THE NECESSARY EVIL OF HIERARCHIES

In achievement-oriented democracies, people complain about the inefficiency of top-down-managed organizations, but ultimately they can’t live without them.

A veteran executive once told one of my Stanford MBA classes, “All organizations are prisons. It’s just that the food is better in some than in others.” The students didn’t want to think they were preparing for a career in the slammer.

They are not alone. A great many scholars, educators, consultants, and executives simply don’t like what multilevel, pyramid-shaped structures do to people and to productivity. The hierarchies of large organizations breed infantilizing dependency, distrust, conflict, toadying, territoriality, distorted communication, and other human ailments. So, optimists that we are, we keep dancing on hierarchies’ unoccupied graves. In the near future, we’ve been telling each other for decades, democratic networks will replace those terrible top-down structures.
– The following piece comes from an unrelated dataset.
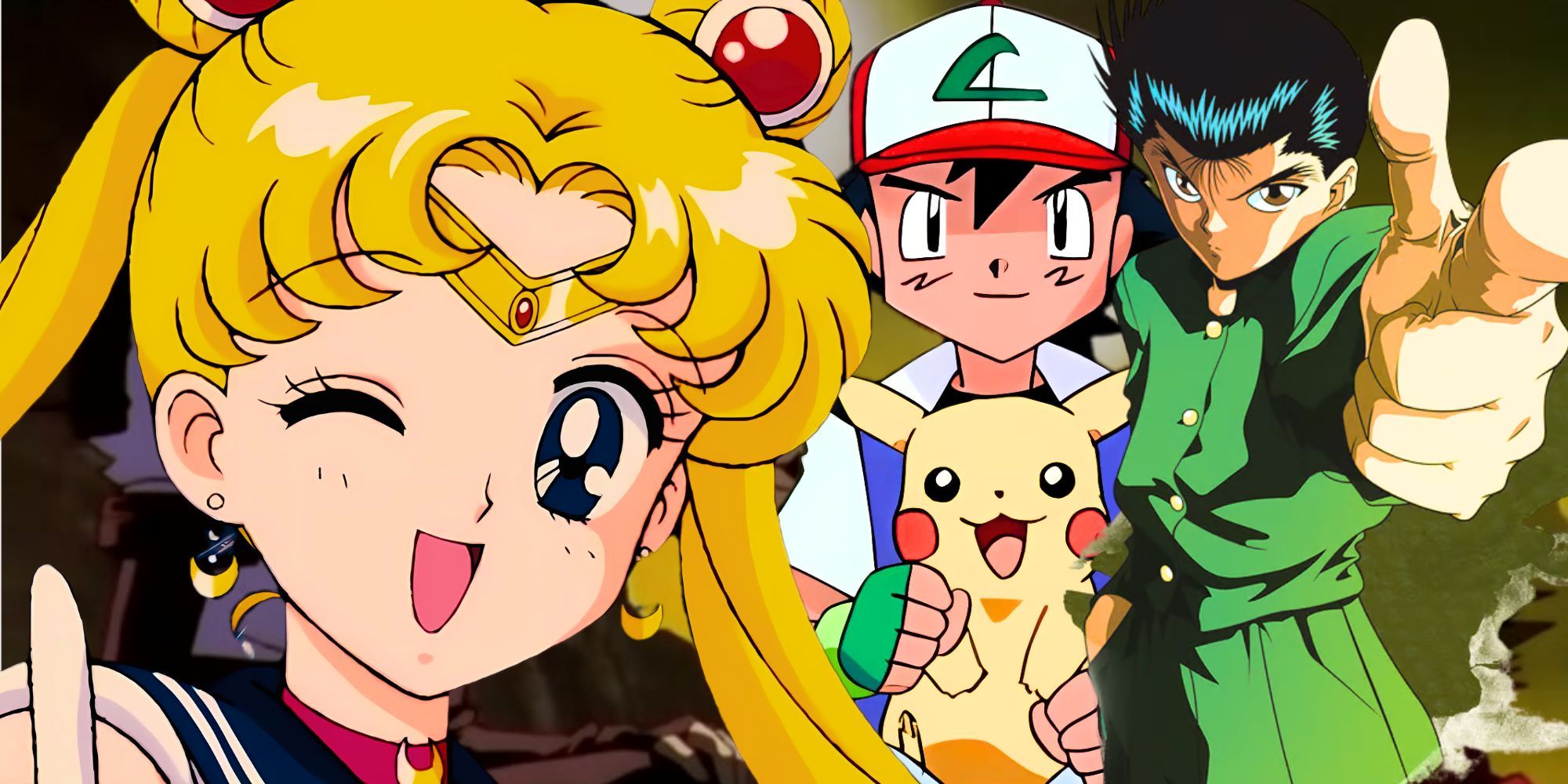 Sailormoon, Ash from Pokemon, and Yusuke from Yuyu Hakusho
Why then, even in our high-tech information age, do we keep adding new hierarchies? And why do so many of us autonomous human beings spend so much of our lives incarcerated in those dehumanizing detention centers? There are many pragmatic answers to that question, answers involving the economics of productivity and efficiency, but this short piece is limited to psychological, even existential answers.

We can begin with one too easy answer: Let’s blame hierarchies on bad guys! Hierarchies are nothing more than the “immortality projects” of power-hungry organizational emperors.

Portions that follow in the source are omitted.